Les passages dans les couloirs peuvent s’avérer déconcertants, en particulier lorsque vous voyez un élève marcher vers vous les mains en l’air, l’attitude fleurant bon l’enthousiasme débordant. Il s’arrête à vos côtés, toujours les mains en l’air, semblant attendre quelque chose, un sourire impatient aux lèvres. Vous ne comprenez pas. Il semble interloqué que vous ne compreniez pas. Vous lui demandez alors ce qu’il a l’intention de faire et il vous répond : « Ben, high five, Sensei ! » High five… Mais bien sûr. C’est une évidence. Comment n’y aviez-vous pas pensé ? Vous avez déjà fait un high five avec vos enseignants au cours de votre scolarité ? Moi jamais. On fait un high five. Les élèves autour veulent aussi un high five alors allez, high five sur high five. J’ai jamais fait autant de high five de ma vie qu’en marchant dans les couloirs de ce lycée…

 

Ma foi, l’intérêt que ces jeunes gens portent à ma personne s’est heureusement émoussé au fil du temps et je fais maintenant partie du paysage. Mais mon lycée s’avère en plus être bien particulier dans son genre. Vous vous souvenez de mon collège de la quatrième dimension ? Eh bien je peux vous affirmer que mon lycée appartient à la cinquième dimension…

 

Je l’ai compris lors de la première réunion de l’année à laquelle j’ai participé. Ou plutôt quelques minutes avant que cette réunion ne commence. Nous étions en train d’attendre le début de la réunion avec les autres enseignants lorsqu’une élève frappe à la porte. Mon supérieur hiérarchique (le big boss de la section anglais) va voir ce qu’elle veut.

 

Elle : « Mama est là? »

Boss : « Non. Tu veux pas plutôt Papa? »

Elle : « Non, j’veux Mama. »

 

L’élève repart et mon boss revient s’assoir à la table.

 

Moi: « Elle a ses deux parents qui sont profs ici? »

Lui: « Ah non. »

Moi: « …. Mais elle cherchait sa mère… »

Lui: « Ah, elle cherchait juste sa prof principale. »

 

Je n’ai pas eu le temps de rétorquer un « Elle appelle sa prof principale Mama ??!! » et plus encore, un « Attendez… mais qui est Papa alors ?! » car la réunion commençait, mais je me suis empressée de connaitre le fin mot de l’histoire. Et tenez-vous bien : dans mon lycée, beaucoup d’élèves appellent une de nos profs « Mama », en particulier les élèves qu’elle a en charge. Ce sont ses enfants, elle le dit elle-même. Et « Papa » alors ? Eh bien mon boss s’était apparemment désigné lui-même papa pour gentiment se moquer de l’élève en question.
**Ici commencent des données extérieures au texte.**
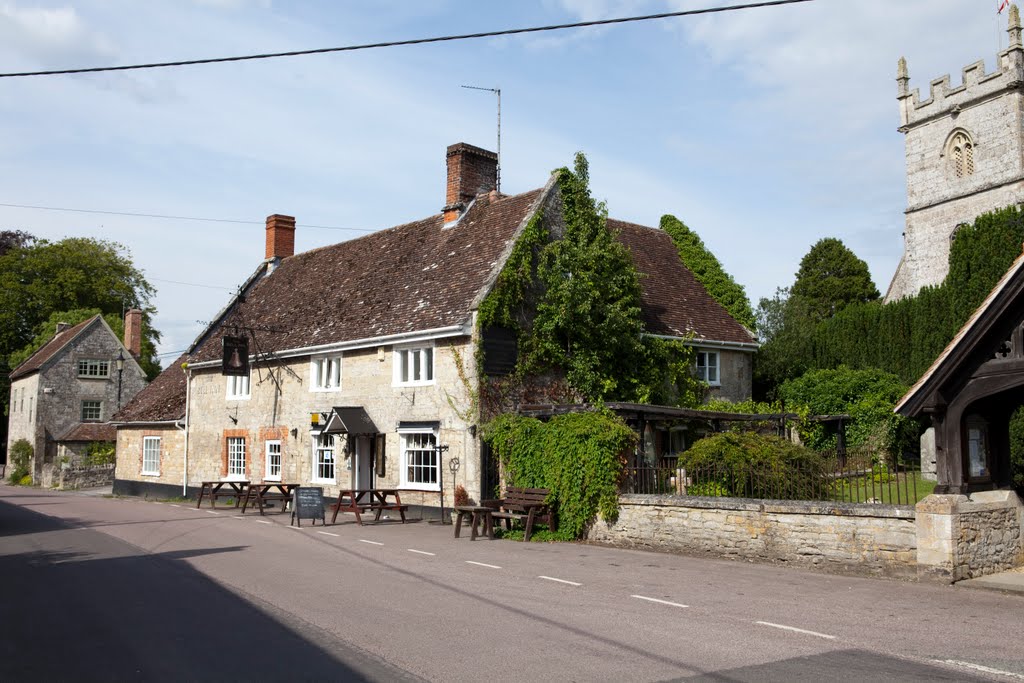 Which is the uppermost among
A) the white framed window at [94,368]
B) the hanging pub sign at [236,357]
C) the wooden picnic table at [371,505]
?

Mais si encore ça s’arrêtait là, on pourrait penser à une anomalie inter dimensionnelle, une sorte d’incongruité, une faille dans le cosmos qui se serait ouverte précisément là, dans mon lycée, à l’insu de tous. Mais non, a ce point il ne s’agit pas d’une faille, il s’agit carrément d’un trou béant de la taille de la fosse des Mariannes, qui engloutit tous les alentours et qui me fait demander dans quel univers je suis tombée…

 

Je m’explique. Dans mon lycée, les élèves ont l’habitude d’appeler leurs enseignants par leur prénom, par des surnoms ou par des diminutifs et nombre d’entre eux leur parlent en tamego (la langue neutre qu’on utilise avec sa famille et ses amis) au lieu de parler en forme polie. Les enseignants appellent généralement aussi les élèves par leur prénom, très souvent sans les suffixes honorifiques et s’appellent aussi entre eux par leur prénom, tout comme le personnel du secrétariat lorsqu’ils s’adressent aux enseignants. Du coup, quand j’ai entendu un élève demander la première fois « Ou est Tomo-chan? » (Du prénom Tomomi avec le diminutif –chan qui a un coté mignon et affectueux), j’ai dû chercher à comprendre de quel enseignant il s’agissait. Parfois il s’agit d’un vrai dialogue de sourd quand je leur parle de Kikuchi sensei (que j’appelle par son nom de famille) et qu’ils me répondent « Qui c’est ? » alors qu’il s’agit de leur prof principal. Mais ils ne le connaissent que par son prénom, d’où leur incompréhension. Bien évidemment, ce n’est pas le cas de tous les élèves ou de tous les enseignants de mon lycée. Certains enseignants refusent totalement de se faire appeler par leur prénom, mais ils sont l’exception. Personnellement, me faire appeler par mon prénom ne me pose aucun problème, mais je tiens au « sensei » et je rugis un « C’est SENSEI!!!! » à chaque fois qu’un élève m’attribue le suffixe -chan pour me taquiner. Et si ça m’est égal qu’ils me parlent en forme neutre car je fais de même avec eux, je demande qu’ils utilisent la forme polie avec keigo lorsqu’ils me demandent un service. J’utilise la forme polie avec keigo quand je leur demande un service, j’exige la même chose en retour.

 

Alors pourquoi cette situation particulière ? Deux raisons à cela.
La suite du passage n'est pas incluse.